#### [MATERIAL SUPPLIED]
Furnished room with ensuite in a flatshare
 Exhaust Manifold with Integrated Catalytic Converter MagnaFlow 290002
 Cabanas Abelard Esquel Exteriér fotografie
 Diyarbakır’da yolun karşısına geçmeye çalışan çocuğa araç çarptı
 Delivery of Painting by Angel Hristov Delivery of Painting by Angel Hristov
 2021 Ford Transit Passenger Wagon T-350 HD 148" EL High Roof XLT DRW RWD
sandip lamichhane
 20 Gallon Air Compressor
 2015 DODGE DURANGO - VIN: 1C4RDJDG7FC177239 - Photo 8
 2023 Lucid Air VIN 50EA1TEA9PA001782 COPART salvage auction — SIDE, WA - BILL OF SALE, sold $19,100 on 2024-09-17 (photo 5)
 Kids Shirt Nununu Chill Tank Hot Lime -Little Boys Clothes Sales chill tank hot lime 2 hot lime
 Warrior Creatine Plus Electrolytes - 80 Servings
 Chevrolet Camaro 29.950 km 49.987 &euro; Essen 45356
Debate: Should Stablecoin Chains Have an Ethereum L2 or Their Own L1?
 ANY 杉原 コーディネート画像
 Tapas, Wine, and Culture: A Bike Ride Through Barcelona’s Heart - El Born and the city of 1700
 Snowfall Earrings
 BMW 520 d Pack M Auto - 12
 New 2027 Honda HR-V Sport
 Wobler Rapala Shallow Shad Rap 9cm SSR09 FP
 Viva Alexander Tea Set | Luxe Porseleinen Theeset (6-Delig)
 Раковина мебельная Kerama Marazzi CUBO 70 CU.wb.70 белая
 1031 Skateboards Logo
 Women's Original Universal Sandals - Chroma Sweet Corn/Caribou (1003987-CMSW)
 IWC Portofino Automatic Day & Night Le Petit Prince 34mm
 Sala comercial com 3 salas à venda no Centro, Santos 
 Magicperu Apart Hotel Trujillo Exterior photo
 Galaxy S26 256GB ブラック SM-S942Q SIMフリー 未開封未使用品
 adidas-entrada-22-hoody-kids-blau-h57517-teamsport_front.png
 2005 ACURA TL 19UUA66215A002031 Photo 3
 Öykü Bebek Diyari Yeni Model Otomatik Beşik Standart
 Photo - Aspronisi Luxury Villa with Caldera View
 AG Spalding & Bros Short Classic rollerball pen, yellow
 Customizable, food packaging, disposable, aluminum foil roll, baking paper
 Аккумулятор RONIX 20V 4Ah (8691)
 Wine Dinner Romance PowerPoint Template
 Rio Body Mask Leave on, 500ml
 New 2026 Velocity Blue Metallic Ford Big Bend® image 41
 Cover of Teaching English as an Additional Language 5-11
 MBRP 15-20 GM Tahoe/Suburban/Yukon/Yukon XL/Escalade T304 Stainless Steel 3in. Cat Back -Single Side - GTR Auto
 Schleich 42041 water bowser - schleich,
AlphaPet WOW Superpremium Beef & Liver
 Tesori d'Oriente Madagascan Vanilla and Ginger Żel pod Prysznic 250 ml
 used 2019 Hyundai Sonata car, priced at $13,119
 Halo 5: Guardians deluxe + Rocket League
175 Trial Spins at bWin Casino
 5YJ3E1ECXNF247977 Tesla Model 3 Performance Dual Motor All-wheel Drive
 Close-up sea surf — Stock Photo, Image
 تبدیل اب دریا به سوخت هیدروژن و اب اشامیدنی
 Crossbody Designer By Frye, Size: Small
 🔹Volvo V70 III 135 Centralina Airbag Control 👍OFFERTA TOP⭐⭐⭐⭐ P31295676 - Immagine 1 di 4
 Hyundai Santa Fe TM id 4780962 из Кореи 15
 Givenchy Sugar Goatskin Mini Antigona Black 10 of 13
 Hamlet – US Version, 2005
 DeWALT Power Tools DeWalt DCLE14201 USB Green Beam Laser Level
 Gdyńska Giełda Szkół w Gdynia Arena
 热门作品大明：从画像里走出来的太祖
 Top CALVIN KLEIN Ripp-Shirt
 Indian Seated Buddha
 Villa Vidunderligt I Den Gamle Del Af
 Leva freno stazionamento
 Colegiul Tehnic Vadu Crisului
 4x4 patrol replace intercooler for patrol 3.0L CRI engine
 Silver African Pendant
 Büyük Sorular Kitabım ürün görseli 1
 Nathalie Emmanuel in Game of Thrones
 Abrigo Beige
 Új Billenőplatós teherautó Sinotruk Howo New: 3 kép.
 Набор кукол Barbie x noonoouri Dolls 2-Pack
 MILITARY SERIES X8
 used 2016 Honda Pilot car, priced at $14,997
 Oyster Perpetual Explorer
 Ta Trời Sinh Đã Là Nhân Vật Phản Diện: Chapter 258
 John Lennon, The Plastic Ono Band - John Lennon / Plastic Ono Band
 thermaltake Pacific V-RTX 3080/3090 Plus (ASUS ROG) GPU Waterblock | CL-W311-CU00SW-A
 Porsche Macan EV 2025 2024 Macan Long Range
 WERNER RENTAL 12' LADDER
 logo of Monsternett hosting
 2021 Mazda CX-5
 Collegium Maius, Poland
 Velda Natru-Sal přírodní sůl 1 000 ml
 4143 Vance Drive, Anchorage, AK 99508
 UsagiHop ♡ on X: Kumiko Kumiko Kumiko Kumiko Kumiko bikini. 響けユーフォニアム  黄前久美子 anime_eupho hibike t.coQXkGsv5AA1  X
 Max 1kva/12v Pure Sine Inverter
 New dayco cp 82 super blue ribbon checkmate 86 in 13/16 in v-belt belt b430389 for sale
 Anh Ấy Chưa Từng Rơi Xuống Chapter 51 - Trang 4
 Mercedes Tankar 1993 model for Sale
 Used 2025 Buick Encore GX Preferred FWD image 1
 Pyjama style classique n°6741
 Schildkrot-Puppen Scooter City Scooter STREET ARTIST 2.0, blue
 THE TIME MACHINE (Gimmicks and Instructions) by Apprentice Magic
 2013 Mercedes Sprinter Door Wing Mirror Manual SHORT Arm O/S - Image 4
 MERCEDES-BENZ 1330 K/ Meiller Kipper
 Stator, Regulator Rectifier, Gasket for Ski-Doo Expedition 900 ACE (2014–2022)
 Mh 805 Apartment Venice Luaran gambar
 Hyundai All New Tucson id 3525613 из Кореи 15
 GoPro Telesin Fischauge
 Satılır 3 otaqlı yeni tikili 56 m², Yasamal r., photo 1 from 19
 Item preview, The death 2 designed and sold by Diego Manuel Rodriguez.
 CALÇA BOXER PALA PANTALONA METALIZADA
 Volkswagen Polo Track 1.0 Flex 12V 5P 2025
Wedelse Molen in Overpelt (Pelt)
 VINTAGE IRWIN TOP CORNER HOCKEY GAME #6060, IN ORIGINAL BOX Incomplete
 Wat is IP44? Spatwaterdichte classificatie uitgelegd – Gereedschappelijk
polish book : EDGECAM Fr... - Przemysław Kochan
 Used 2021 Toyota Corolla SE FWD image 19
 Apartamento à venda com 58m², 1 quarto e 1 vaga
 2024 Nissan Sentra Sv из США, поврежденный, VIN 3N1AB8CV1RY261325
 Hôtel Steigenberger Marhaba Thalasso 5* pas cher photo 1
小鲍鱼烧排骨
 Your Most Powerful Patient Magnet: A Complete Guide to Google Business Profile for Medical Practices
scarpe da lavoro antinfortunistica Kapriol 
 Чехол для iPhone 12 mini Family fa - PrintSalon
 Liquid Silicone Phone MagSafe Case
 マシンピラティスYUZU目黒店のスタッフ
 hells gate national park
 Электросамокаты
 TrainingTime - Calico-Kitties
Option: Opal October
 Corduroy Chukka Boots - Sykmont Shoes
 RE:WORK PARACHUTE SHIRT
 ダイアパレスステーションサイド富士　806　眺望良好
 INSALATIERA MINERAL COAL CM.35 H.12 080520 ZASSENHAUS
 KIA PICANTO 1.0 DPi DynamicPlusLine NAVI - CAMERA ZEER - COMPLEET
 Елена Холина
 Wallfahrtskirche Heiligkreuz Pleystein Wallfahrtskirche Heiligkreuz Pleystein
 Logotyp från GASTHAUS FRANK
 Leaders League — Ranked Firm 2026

#### [YOUR INSTRUCTIONS]
Transcribe the lines above between the line holding "Раковина мебельная Kerama" and the line holding "adidas-entrada-22-hoody-kids-blau-h57517-teamsport_front.png", inclusive, exactly as they stand and with nothing added.

#### [RESULT OF THIS EXERCISE]
 Раковина мебельная Kerama Marazzi CUBO 70 CU.wb.70 белая
 1031 Skateboards Logo
 Women's Original Universal Sandals - Chroma Sweet Corn/Caribou (1003987-CMSW)
 IWC Portofino Automatic Day & Night Le Petit Prince 34mm
 Sala comercial com 3 salas à venda no Centro, Santos 
 Magicperu Apart Hotel Trujillo Exterior photo
 Galaxy S26 256GB ブラック SM-S942Q SIMフリー 未開封未使用品
 adidas-entrada-22-hoody-kids-blau-h57517-teamsport_front.png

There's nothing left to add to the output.